Submitting offsets to kafka after storm batch

What would be the correct way to submit only the highest offset of every partion when batch bolt finishes proccessing a batch? My main concern is machines dying while proccessing batches as the whole shebang is going to run in AWS spot instances.
I am new to storm development I can't seem to find an answer to IMO is pretty straight forward usage of kafka and storm.
Scenario:
Based on the Guaranteeing Message Processing guide, lets assume that I have a steam (kafka topic) of ("word",count) tuples, Batch bolt that proccess X tupples, does some aggregation and creates CSV file, uploads the file to hdfs/db and acks.
In non-strom "naive" implementation, I would read X msgs (or read for Y seconds), aggregate,write to hdfs and once the upload is completed, commit the latest (highest) offset for every partition to kafka. If machine or proccess dies before the db commit - the next iteration will start from the previous place.
In storm I can create batch bolt that will anchor all of the batch tuples and ack them at once, however I can't find a way to commit the highest offset of every partition to kafka, as the spouts are unaware of the batch, so once the batch bolt acks the tupples, every spout instance will ack his tupples one by one, so I the way I see it I can:
Submit the offset of the acked message on every ack on the spout.

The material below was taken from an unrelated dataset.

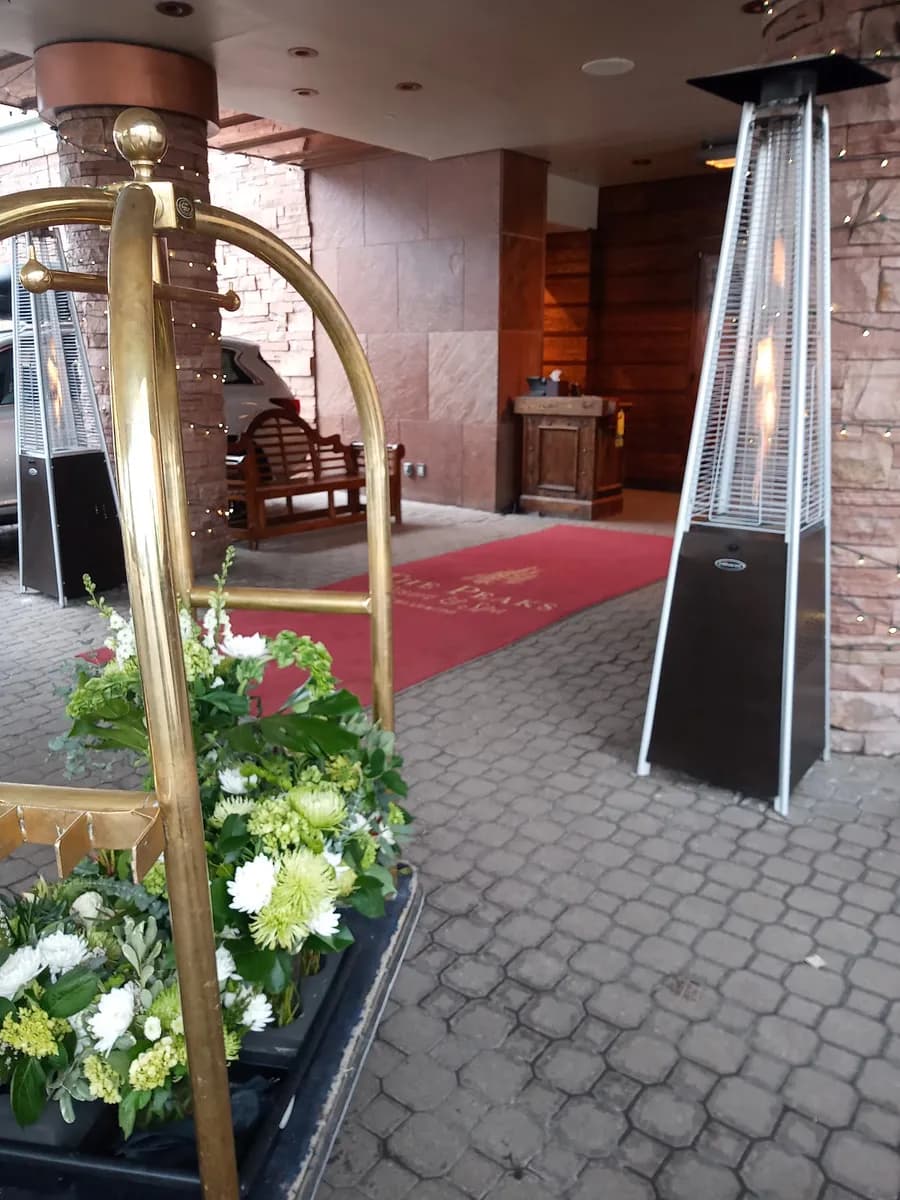 China Rose Florist & Greenhouse image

This will cause many submits (every batch can be few Ks of tupples), probably out of order, and if the spout works dies while submitting the offsets, I will end up partially replaing some of the events.
Same as 1. but I can add some local offset management in the highest offset commited (fixing out of order offset commits) and submit the highets offset seen every few seconds (reducing the high number of submits) but I still can end up with partially commited offsets if the spout dies
Move the offset submition logic to the bolts - I can add the partition and offset of every message into data sent to the batch bolt and submit the highest proccessed offset of every partition as part of the batch (emit to "offset submitter" bolt at the end of the batch). This will solve the offset tracking, multiple submits and patial replayes issues but this adds kafka specific logic to the bolts thus copling the bolt code with kafka and in generally speaking seems to me as reinventing the wheel.
Go even further with wheel reinvention and manually managed the highest processed patition-offset combination in ZK and read this value when I init the spout.
There is quite a lot in your question, so not sure if this addresses it fully, but if you are concerned about the number of confirmations sent to kafka (e.g. after every message) you should be able to set a batch size for consumption, for example 1000 to reduce this a lot.